What the task asks:
For each line of the data below, copy it if it holds the word "payments".

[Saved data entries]
========================
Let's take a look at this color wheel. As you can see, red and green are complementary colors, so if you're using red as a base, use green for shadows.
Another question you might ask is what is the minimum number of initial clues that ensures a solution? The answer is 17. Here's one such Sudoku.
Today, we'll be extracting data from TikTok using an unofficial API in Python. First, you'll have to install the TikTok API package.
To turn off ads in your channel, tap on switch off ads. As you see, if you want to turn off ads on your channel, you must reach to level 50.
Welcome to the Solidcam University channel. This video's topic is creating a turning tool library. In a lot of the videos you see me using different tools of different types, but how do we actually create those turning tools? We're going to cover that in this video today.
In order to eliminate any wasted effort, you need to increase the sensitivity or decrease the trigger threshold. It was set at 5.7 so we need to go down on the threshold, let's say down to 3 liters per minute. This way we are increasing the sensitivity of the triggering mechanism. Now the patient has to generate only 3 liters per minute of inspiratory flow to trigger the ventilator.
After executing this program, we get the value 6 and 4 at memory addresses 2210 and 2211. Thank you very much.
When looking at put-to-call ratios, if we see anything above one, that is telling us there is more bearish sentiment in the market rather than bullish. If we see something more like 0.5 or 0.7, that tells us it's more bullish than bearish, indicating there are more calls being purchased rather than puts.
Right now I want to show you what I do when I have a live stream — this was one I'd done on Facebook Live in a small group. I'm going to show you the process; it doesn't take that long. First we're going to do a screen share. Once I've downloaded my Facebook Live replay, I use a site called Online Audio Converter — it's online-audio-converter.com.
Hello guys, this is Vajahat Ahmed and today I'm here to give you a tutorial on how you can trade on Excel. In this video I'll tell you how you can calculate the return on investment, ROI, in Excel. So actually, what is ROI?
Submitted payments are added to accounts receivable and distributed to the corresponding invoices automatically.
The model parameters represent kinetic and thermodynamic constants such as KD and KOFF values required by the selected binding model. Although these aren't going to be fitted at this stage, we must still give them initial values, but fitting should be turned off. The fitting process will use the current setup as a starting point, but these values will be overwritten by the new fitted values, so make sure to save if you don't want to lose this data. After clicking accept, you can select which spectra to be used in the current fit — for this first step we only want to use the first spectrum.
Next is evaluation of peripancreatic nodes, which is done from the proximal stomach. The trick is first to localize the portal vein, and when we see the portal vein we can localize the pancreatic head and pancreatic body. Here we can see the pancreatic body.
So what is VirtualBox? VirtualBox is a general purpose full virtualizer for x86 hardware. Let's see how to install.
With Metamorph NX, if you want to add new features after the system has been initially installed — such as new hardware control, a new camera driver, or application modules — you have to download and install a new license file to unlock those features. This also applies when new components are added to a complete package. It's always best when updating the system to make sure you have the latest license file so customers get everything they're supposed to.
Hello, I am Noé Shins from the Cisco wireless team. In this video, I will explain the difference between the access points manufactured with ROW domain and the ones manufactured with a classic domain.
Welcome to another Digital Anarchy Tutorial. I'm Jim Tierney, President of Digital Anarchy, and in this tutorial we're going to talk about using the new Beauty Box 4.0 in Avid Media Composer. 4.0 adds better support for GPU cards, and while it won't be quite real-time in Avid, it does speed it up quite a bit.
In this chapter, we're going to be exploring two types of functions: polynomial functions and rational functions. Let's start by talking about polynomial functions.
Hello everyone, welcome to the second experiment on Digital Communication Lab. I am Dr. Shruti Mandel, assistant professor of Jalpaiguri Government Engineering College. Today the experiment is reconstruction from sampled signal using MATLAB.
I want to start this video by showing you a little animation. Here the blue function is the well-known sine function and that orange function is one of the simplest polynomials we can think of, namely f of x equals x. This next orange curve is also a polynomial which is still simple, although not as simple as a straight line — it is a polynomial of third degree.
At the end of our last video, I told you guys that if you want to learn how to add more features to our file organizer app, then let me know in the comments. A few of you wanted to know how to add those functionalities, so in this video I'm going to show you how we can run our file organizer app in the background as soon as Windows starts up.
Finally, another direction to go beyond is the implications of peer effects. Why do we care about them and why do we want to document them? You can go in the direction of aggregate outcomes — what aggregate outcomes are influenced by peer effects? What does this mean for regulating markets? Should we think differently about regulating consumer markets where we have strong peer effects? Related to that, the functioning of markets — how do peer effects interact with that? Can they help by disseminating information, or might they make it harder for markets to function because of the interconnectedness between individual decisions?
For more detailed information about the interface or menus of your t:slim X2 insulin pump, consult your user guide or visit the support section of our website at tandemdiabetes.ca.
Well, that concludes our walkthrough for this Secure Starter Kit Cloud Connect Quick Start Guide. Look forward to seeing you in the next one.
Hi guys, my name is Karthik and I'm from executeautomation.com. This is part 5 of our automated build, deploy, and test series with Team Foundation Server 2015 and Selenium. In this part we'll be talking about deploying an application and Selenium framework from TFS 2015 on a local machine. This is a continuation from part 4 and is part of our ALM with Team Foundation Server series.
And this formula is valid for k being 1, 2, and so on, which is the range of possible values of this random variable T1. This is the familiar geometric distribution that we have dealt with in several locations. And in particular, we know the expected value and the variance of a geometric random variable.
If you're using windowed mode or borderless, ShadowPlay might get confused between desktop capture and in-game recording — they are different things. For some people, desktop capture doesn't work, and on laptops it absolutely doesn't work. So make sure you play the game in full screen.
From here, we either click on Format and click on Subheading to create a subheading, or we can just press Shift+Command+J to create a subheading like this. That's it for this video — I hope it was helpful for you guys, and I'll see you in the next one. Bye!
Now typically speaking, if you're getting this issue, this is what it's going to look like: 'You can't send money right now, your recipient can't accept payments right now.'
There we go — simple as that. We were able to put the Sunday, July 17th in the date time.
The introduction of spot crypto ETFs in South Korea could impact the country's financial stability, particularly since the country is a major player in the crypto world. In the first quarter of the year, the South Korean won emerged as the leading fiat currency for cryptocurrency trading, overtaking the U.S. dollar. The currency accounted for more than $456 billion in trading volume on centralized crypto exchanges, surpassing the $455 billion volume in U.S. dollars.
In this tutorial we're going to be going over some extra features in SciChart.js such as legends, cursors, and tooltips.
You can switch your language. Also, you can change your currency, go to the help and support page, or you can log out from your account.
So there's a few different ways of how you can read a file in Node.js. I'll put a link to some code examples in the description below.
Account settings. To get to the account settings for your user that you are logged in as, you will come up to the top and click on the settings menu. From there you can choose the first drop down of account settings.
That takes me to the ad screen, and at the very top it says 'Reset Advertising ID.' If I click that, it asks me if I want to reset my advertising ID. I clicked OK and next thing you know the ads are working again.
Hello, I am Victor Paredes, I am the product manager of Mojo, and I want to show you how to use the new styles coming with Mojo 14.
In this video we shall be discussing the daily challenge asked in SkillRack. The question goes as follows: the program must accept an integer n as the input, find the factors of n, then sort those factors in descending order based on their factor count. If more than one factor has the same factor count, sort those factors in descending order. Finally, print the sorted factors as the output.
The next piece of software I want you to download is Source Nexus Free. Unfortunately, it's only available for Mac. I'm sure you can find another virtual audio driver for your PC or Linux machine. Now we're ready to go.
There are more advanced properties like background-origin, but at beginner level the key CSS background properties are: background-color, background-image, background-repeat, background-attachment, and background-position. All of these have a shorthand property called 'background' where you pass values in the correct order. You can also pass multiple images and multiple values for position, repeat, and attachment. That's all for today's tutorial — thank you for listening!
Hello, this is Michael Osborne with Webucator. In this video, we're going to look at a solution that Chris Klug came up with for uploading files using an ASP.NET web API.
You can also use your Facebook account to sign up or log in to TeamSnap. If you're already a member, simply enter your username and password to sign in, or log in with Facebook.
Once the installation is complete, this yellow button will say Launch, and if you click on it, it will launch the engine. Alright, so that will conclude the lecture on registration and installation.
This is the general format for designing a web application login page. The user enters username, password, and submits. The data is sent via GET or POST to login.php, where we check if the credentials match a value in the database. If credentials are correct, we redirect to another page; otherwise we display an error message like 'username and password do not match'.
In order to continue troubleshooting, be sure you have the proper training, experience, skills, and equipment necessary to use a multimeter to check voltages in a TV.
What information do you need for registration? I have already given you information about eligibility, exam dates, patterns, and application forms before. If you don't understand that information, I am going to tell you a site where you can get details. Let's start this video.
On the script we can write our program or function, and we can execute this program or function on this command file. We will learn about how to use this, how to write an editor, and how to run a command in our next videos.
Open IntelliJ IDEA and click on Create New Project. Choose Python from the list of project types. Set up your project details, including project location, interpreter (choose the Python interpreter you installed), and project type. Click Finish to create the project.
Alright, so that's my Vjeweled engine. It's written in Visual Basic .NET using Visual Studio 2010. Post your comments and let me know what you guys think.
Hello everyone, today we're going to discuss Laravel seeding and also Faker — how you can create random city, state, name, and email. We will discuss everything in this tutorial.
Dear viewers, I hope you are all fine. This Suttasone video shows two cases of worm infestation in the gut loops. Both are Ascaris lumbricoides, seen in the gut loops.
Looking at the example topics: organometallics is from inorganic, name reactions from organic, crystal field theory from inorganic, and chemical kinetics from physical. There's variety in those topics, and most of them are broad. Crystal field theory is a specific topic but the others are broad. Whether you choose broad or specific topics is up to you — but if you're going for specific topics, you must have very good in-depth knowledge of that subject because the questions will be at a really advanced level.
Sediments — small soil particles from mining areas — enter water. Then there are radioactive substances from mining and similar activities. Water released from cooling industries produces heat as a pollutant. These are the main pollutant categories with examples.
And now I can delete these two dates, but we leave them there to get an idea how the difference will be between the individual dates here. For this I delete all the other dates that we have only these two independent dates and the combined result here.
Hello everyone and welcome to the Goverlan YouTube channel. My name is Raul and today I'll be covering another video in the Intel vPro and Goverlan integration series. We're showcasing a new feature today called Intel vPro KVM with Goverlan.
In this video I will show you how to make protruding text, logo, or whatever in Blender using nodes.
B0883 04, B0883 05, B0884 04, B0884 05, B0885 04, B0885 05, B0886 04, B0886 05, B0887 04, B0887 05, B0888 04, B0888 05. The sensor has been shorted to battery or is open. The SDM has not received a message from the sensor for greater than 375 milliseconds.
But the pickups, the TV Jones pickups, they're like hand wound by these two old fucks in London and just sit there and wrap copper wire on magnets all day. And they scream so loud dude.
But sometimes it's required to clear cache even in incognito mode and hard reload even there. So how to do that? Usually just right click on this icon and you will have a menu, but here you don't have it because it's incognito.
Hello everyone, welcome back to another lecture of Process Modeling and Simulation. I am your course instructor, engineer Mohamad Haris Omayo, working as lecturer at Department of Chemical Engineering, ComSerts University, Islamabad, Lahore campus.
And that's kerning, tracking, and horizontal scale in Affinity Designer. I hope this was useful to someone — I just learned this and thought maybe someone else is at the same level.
========================
Task result:
Submitted payments are added to accounts receivable and distributed to the corresponding invoices automatically.
Now typically speaking, if you're getting this issue, this is what it's going to look like: 'You can't send money right now, your recipient can't accept payments right now.'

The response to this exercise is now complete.